The Finance Committee’s ranking Republican, Mike Crapo of Idaho, vowed Wednesday to work with Becerra on less contentious issues, such as telehealth and securing Medicare’s finances, if he’s confirmed. But he and other Republicans criticized Becerra’s lack of health policy expertise in arguing he was the wrong pick to lead the sprawling federal health department during a pandemic.
“Being HHS Secretary should not be a learn-on-the-job position,” said Sen. Bill Cassidy (R-La.).
Finance Chair Ron Wyden (D-Ore.) accused the Republicans of “twisting reality” and warned that further delays on Becerra’s nomination puts the country’s Covid-19 response at risk.
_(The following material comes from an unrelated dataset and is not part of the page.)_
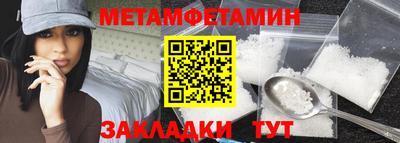 скорость Канаш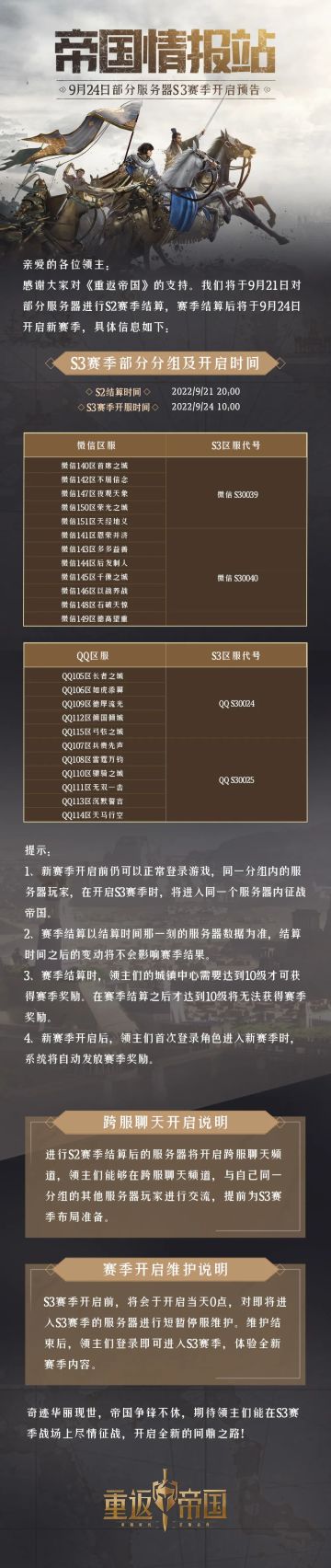 9月24日部分服务器S3赛季开启预告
“This country is in the middle of a public health nightmare, and the American people need to have a Senate-confirmed leader running HHS as soon as possible,” he said.
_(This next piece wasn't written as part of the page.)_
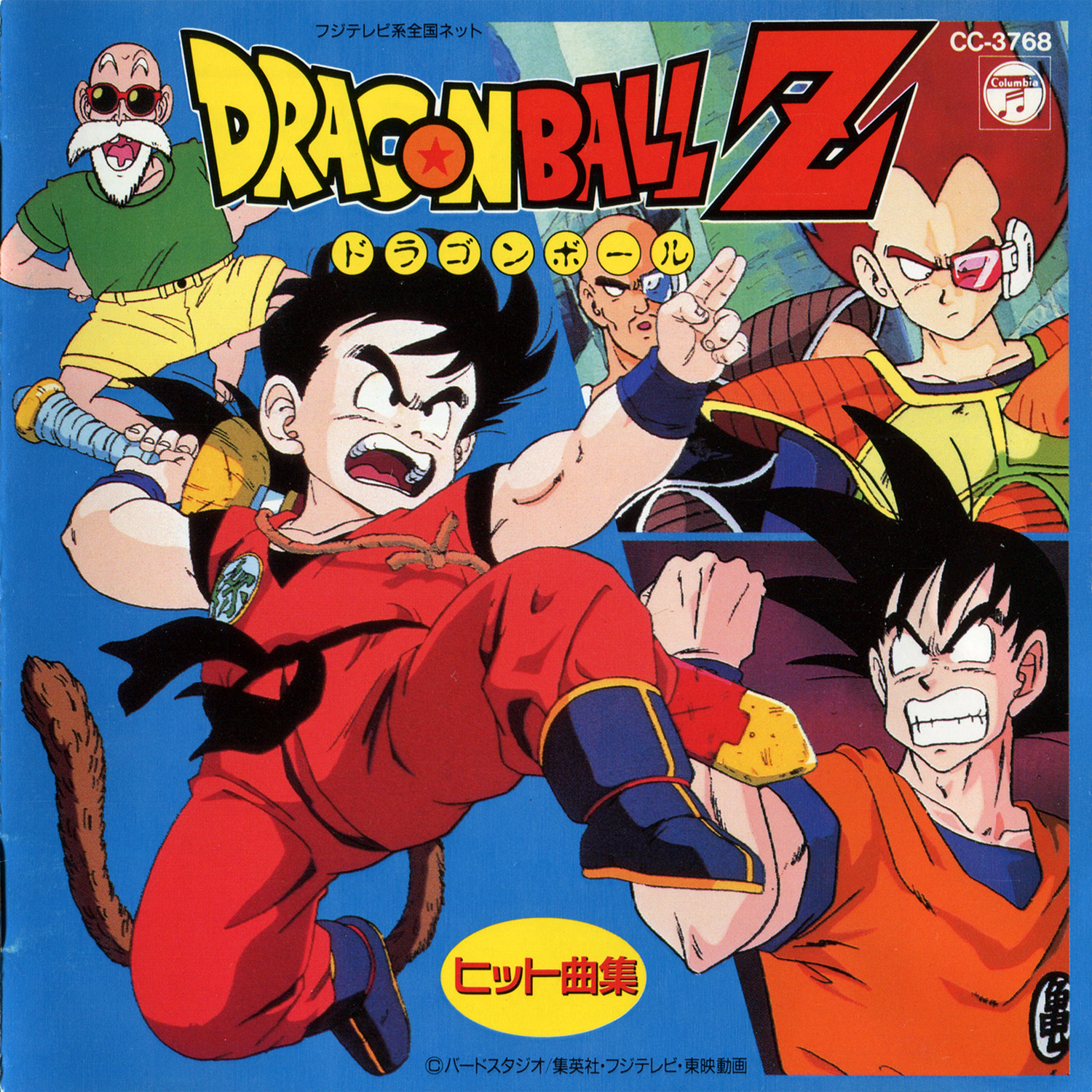 Dragon Ball Products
Republican lawmakers and conservative outside groups continue to ramp up pressure campaigns surrounding the nomination.
The political arm of the Heritage Foundation launched a $500,000 ad buy in West Virginia and Arizona on Wednesday, with spots focusing on Becerra’s record on abortion rights, guns and immigration. Other anti-Becerra ad campaigns from Sen. Tom Cotton’s PAC and anti-abortion groups Susan B. Anthony List and Students for Life are also underway.